WARNING: Couldn't understand key: primary_owners
You may safely ignore this warning. We will submit a patch to Shifter to suppress this warning if this feature gains traction.
Manipulating local image metadata

When Shifter pulls images from Docker Hub, it automatically transfers their medatata into the created Shifter images. With local images, we have to transfer such metadata manually. Shifter recognizes the following metadata entries: environment variables, working directory, and image entrypoint. You can set them when you import the image into Shifter or after the fact. Currently, to update image metadata you must have access to the SquashFS file.

Working directory
Image working directory can be set or changed by adding the "workdir" data field to the image import call:
"workdir" : "/some/path/in/image"
Its value must be an absolute path to a directory in the image. Note, that you have to use --workdir (-w) option without an argument to make Shifter switch to the working directory set by the image:
$ aprun ... shifter --workdir ...
Environment variables
To set or change environment variables in the image, add the "env" data field to your image import call. Its value must be a comma-separated list of environment variable names and their values separated by the equals signs (=):
"env" : "VAR1=VALUE1a:VALUE1b,VAR2=VALUE2"
Entrypoint
To set or change image entrypoint, add "entrypoint" data field to your image import call. Note, that unlike entrypoints in Docker images which can specify an application along with its arguments, Shifter entrypoint can point to an application only.

In summary, a call to update image metadata may look something like this:

$ curl -H "authentication: $(munge -n)" \
  -d '{ "format" : "squashfs",
        "filepath" : "/absolute/path/to/dir1/dir2/dir3/image_file.squashfs",
        "allowed_uids" : "12345,67890",
        "primary_owners" : "12345",
        "workdir" : "/some/path/in/image",
        "env" : "VAR1=VALUE1a:VALUE1b,VAR2=VALUE2",
        "entrypoint" : "/some/executable"
      }' http://shifter:5000/api/doimport/bluewaters/custom/IMAGE_NAME:TAG/
Using import_image.sh script

Shifter installed on Blue Waters provides a script called import_image.sh that you can use for importing images in SquashFS format. The general synopsys is:

$ import_image.sh [options] local-image.sqsh 
Short option Long option Description
-h --help Print a help message.
-v --verbose Enable verbose output
-n --name Name to assign to the Shifter image in Shifter image database.
-p --private Make uploaded image private. Requires -u and/or -g.
-u --user Comma-separated list of user names or UIDs allowed to access the image. Requires -p.
-g --group Comma-separated list of user groups or GUIDs allowed to access the image. Requires -p.
-o --owner Comma-separated list of user names or UIDs allowed to modify the image (Primary Image Owners). Requires -p.
-w --workdir Working directory within the image. Same as WORKDIR in Docker images.
--entrypoint Image entry point (default application).
--env Comma-separated list of environment variables and their values to be set within the image.
Example: --env PATH=/usr/bin:/bin,VARIABLE1=VALUE1,...
-d --dry-run Show commands that would otherwise be executed.
-t --timeout Time (in seconds) to wait for the uploaded image to appear in Shifter database. Defaults to 60 seconds.

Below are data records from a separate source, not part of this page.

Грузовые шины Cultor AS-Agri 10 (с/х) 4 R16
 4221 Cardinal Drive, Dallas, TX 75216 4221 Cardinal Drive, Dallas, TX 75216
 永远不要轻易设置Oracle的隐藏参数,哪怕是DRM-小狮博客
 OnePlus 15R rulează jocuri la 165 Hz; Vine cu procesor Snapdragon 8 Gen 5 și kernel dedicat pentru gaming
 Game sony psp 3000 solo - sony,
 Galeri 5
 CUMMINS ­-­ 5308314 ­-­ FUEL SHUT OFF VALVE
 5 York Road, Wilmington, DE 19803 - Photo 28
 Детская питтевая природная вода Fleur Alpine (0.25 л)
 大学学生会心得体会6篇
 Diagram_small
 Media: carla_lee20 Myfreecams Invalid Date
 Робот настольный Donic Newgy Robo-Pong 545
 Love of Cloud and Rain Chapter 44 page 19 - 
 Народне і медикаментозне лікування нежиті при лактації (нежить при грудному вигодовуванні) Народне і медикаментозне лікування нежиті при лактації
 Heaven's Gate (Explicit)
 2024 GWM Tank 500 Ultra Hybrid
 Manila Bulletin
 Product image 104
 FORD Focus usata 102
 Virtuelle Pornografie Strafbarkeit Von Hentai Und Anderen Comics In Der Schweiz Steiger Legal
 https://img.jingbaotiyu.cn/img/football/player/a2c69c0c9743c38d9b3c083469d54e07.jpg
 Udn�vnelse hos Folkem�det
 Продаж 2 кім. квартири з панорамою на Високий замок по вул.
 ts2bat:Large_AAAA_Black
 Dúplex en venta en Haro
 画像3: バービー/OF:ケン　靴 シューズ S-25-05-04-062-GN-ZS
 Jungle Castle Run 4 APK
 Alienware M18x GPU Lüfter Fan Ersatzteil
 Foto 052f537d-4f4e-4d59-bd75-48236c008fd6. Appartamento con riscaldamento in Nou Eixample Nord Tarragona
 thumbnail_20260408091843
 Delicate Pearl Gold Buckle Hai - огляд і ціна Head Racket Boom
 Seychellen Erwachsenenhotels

Executing Applications in Container Environments

Shifter provides two ways to set up container environment on the Blue Waters compute nodes:

  1. Using the shifter command
  2. By setting UDI environment variable to the name of the image to be used when Shifter job is submitted and then CRAY_ROOTFS environment variable to SHIFTER inside the job.

Both of these methods have to be executed from a Shifter job and we have to provide additional flags to the aprun command, namely:

-b (mandatory) to bypass transfer of shifter executable to the compute nodes
-N 1 (mandatory)* -N 1 limits the number of shifter processes per compute node to 1.
-cc none (recommended) to allow PE migration within assigned NUMA nodes.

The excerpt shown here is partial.